As the article says "Not that FP32 performance is the end-all and be-all metric " we won't know until it comes out for sure on its performance. Point being that the 2080 Ti delivers 14.2 TFLOPS vs the 3070's 20.31 TFLOPS yet based on UserBenchmark data the 2080 Ti eeks out a 4% real world performance lead in games over the 3070 and a 14% lead in synthetic benchmarks. (not counting raytracing)

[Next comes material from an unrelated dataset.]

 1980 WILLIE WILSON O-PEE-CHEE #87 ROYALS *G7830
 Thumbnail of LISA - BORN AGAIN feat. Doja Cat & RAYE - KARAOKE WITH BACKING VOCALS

While I would generally agree, that's mostly just the case across different generations of architectures, where the amount of potential compute performance could mean wildly different things for actual gaming performance. Within a generation of hardware though, the TFlops should usually be a lot more meaningful, especially since these are using the same chips as certain desktop parts, just at significantly lower clocks. If that "up to 15.3 TFlops" number pans out, that would make it slower that a "16+ Tflop" 3060 Ti, and due to the limitations of laptop cooling, many notebooks utilizing it might not even manage that.
And that kind of performance makes sense. Based on the specs rumored here, the "3080 Max-Q" will be utilizing the same graphics chip and memory configuration as a 3070, but with a little over 4% more cores enabled. However, its nearly 30% lower boost clocks (and 50% lower base clocks), combined with almost 15% lower memory clocks means it won't be coming close to a 3070. At best, it will probably be close to 25% slower than a 3070 in games limited by graphics performance, and slightly slower than a 3060 Ti, assuming it can even reliably maintain those boost clocks for extended periods.